Augustine, who earned a bachelor’s degree in marketing from UNO in 2012, was first cast in the role of the iconic boxing champion last year and has returned for the second season, which is currently airing.
The period drama stars Academy Award winner Forest Whitaker as the infamous 1960s crime boss Bumpy Johnson.
“I’m in episodes two and three of this season, which revolves around Cassius Clay beating Sonny Liston and eventually changing his name to Muhammad Ali,” said Augustine, who grew up in New Orleans.
In preparation to play the role, Augustine said he not only took boxing lessons, but also watched interviews and listened to audio clips of Ali to study his voice, tone, movements, personality and other traits.
“Muhammad Ali was more than just a boxer. He was a humanitarian, civil rights advocate, anti-war protester and a charismatic celebrity,” Augustine said. “It was more than just the physical aspect of the character that makes it a difficult task; it was Ali's mannerisms, speech, confidence and style that I had to master. I wanted to be as authentic as I could while being as natural as possible.”

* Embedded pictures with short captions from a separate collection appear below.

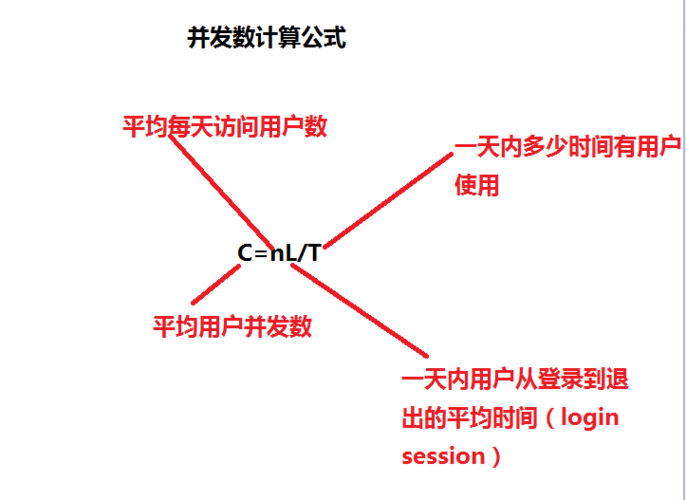 香港服务器并发量有什么计算方法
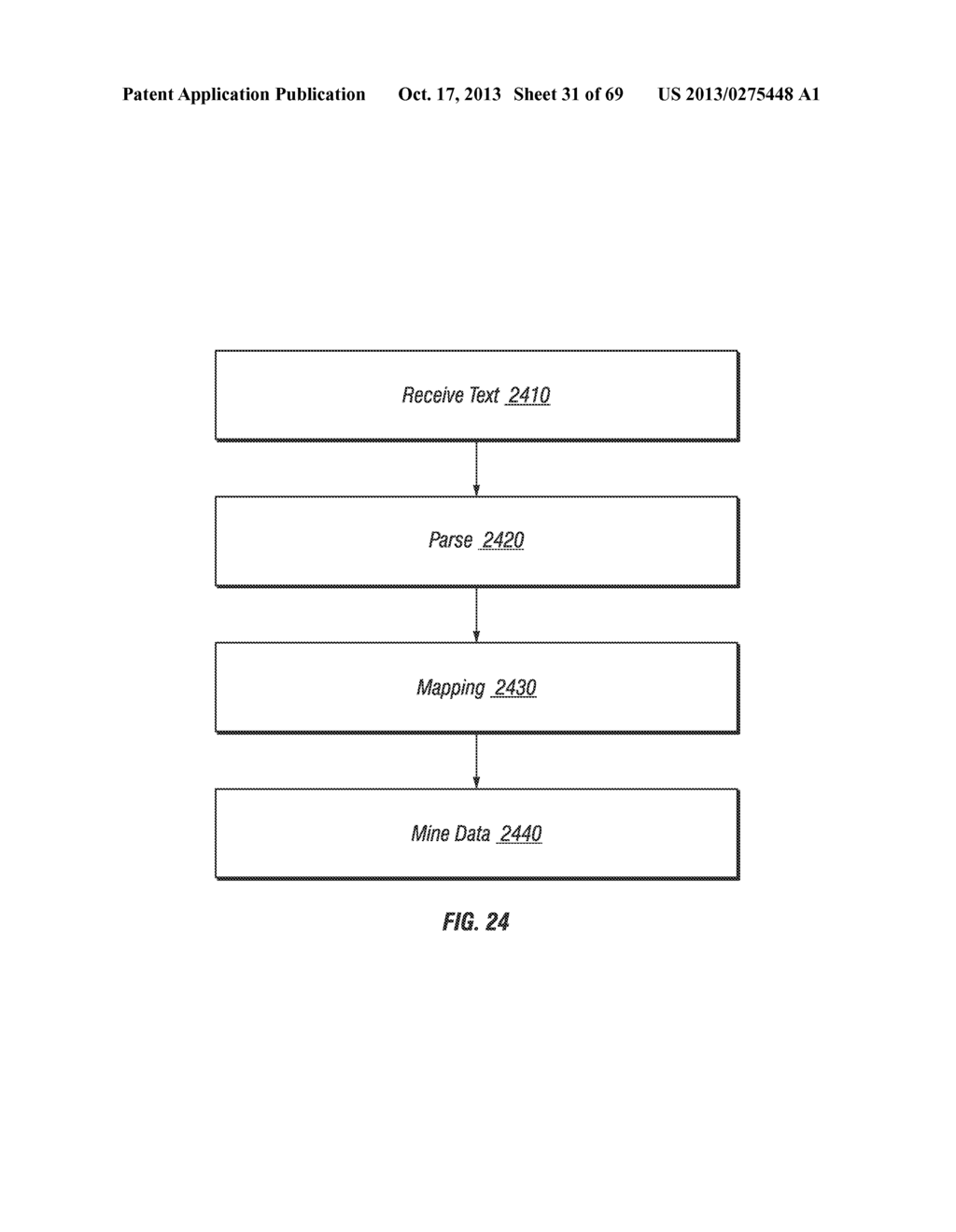 METHOD AND SYSTEM FOR ONTOLOGY DRIVEN DATA COLLECTION AND PROCESSING - diagram, schematic, and image 32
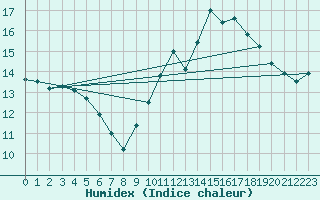 Courbe de l'humidex pour Beernem (Be)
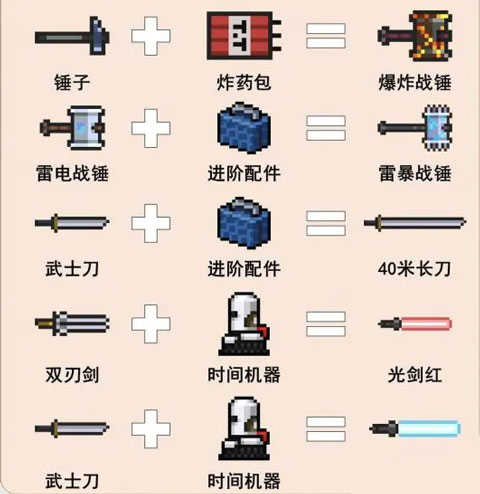 元气骑士最新武器大全，解锁骑士战斗新境界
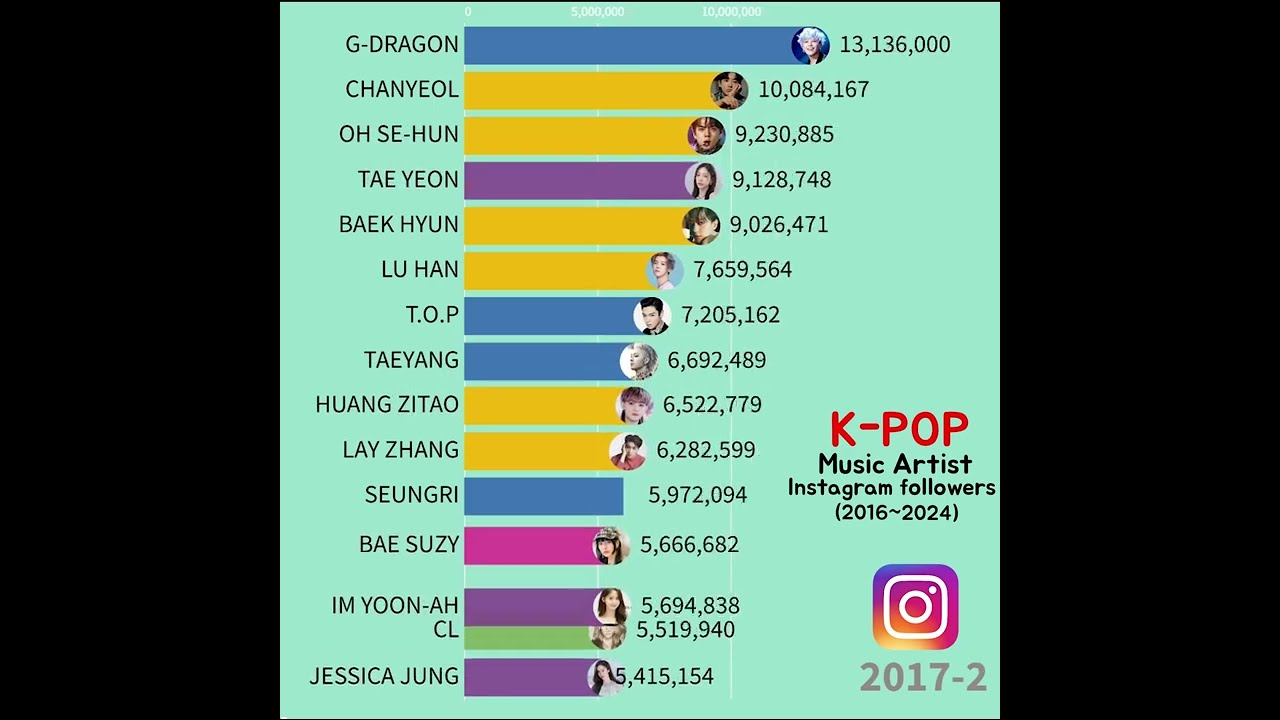 K-pop Music Artist individual Instagram followers 2016~2024 #gdragon #bts #blackpink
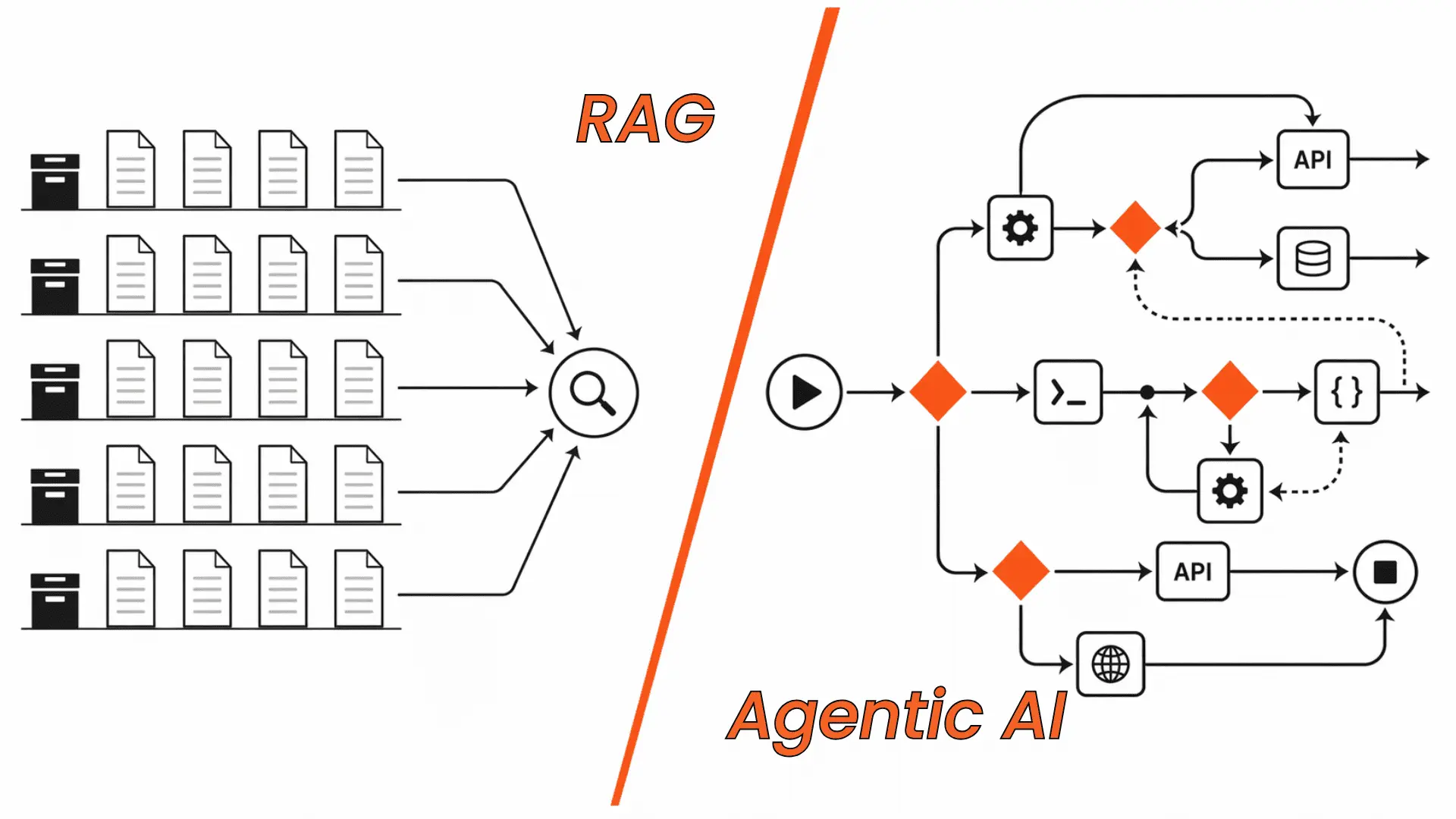 RAG vs Agentic AI: Understand the Difference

Augustine, who said he has been fascinated with acting since he was 13, also took theater classes at UNO while pursuing his business degree.

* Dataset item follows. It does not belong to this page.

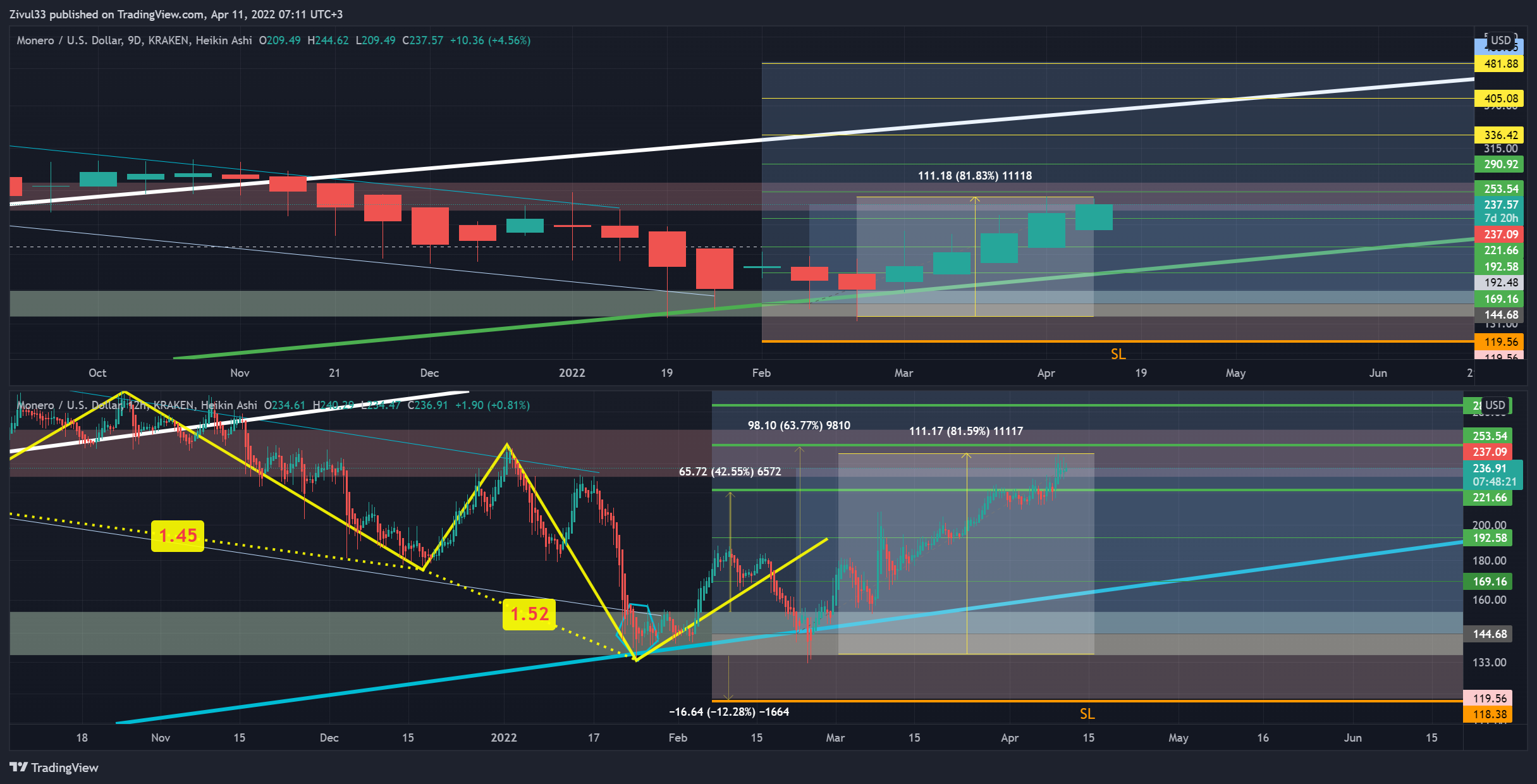 KRAKEN:XMRUSD Chart Image by Zivul33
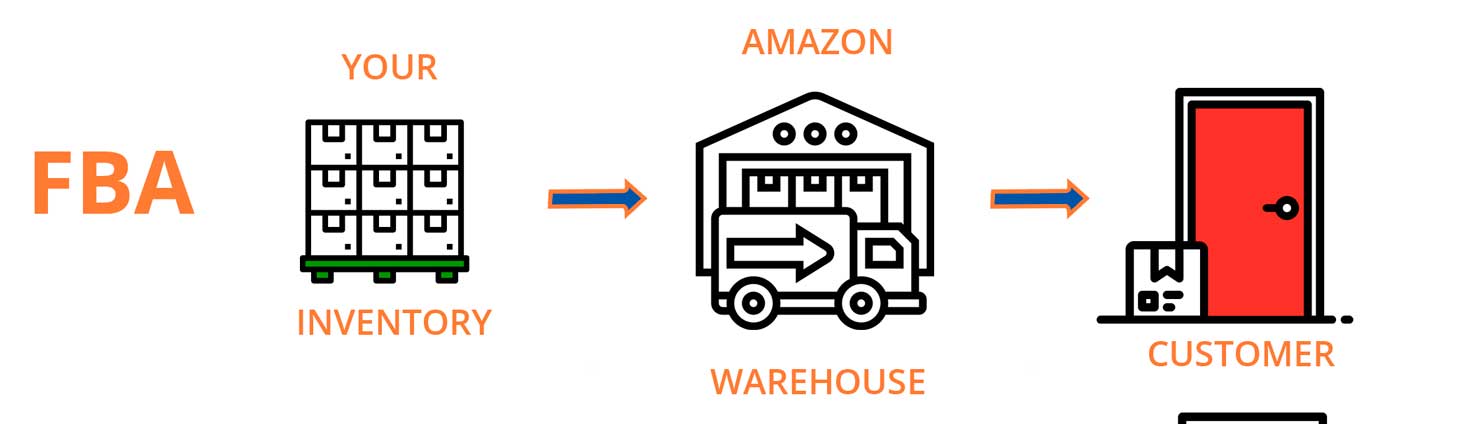 FBA amazon fbm shipping requirements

“My early studies in theater built the foundation of my acting career,” he said. “It also gave me a confidence boost knowing that I studied Shakespeare and other great playwrights.

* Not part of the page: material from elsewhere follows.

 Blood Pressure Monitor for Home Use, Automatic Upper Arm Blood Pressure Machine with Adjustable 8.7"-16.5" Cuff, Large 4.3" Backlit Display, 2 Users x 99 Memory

“My business classes allow me to put myself in a position to be my own boss as I maneuver in the film/entertainment industry. I am also a writer and producer.”
His mother influenced his choice to major in business, Augustine said.
“She knew that I had to be business savvy to grow my brand,” he said.
Augustine has also appeared in commercials, the television series “Cloak and Dagger” and the video simulation game NBA 2K20.
As his acting portfolio grows, Augustine said he wants to share what he has learned with other budding performers.
“My goal is to hopefully teach an acting class at the University for a term every year,” Augustine said. “I would love a chance to give back to my alma mater and teach developing actors different techniques and valuable information I’ve learned throughout my career.”